L’essentiel de leur prise (47%) est constituée de thon albacore (Thunnus albacares). Le reste est constitué de patudo (Thunnus obesus) à hauteur de 39% et de listao (Katsuwonus pelamis) à hauteur de 14%. Les poissons indésirables, à savoir les petits thons et les autres espèces de poissons constituent ce qu’on appelle le « faux thon ». Le faux thon est en général vendu aux commerçantes locales.

La plus grande partie du thon pêché dans les eaux ivoiriennes est transformée en conserve par les conserveries que sont SCODI et Pêche et Froid. Le reste est exporté tel quel.

La pêche sardinière en Côte d’Ivoire

A l’instar des thoniers, les sardiniers opérant dans les eaux territoriales ivoiriennes ont le port de pêche d’Abidjan comme unique port d’attache.

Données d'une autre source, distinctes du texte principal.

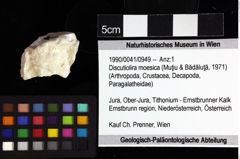 Foto (Objket + Etiketten) von Discutiolira moesica (Muţiu & Bădăluţă, 1971) 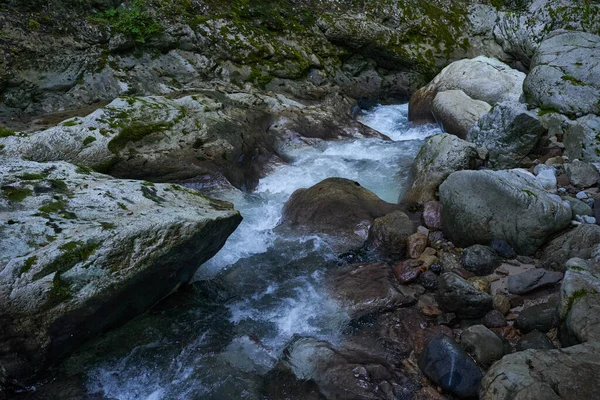 Dağ nehrinin canlı manzarası kocaman yosunlu kayalar ve ormanlarla dolu bir kanyondan geçiyor.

Ces navires en bois ont une longueur comprise entre 19 et 28 m et une puissance motrice comprise entre 280 et 500 CV. Ce sont pour la plupart des navires très âgés, car l’âge moyen est de 33 ans. Ils opèrent en général près de la frontière ghanéenne à l’aide de sennes coulissantes.

Pour rabattre les bancs de poissons dans leurs filets, les sardiniers sont équipés de radars et de sondeurs. Le gros de leur prise est constitué de sardines (Sardinella aurita). Au nombre des prises accessoires, on retrouve des fritures (Brachydeuterus auritus), des maquereaux (Scomber japonicus) et des harengs (Sardinella maderensis). Le produit de leur pêche est conservé avec de la glace avant son débarquement.

La pêche chalutière en Côte d’Ivoire

La vingtaine de chalutiers qui opère dans les eaux ivoiriennes a un âge compris entre 10 et 40 ans. Leur longueur moyenne est de 20 mètres et leurs moteurs développent des puissances comprises entre 215 et 600 CV. Ces bâtiments pourvus de sondeurs et de radars trainent des filets de pêche dont le maillage est compris entre 45 et 67 mm. Ils opèrent toute l’année et effectuent avec leurs équipages de 10 marins, une moyenne de19 sorties en mer par an.

Leurs prises, constituées majoritairement de fritures, de pageot blanc (Pagellus bellottii), d’ombrines (Pseudotolithus senegalensis), de rasoirs (Ilisha africana) et de grondins (Trigla sp), sont conservées dans des cales à glace durant tout le temps que dure la marée. Ces prises d’une moyenne de 900 kg par marée sont ensuite vendues à la criée sur le port de pêche d’Abidjan.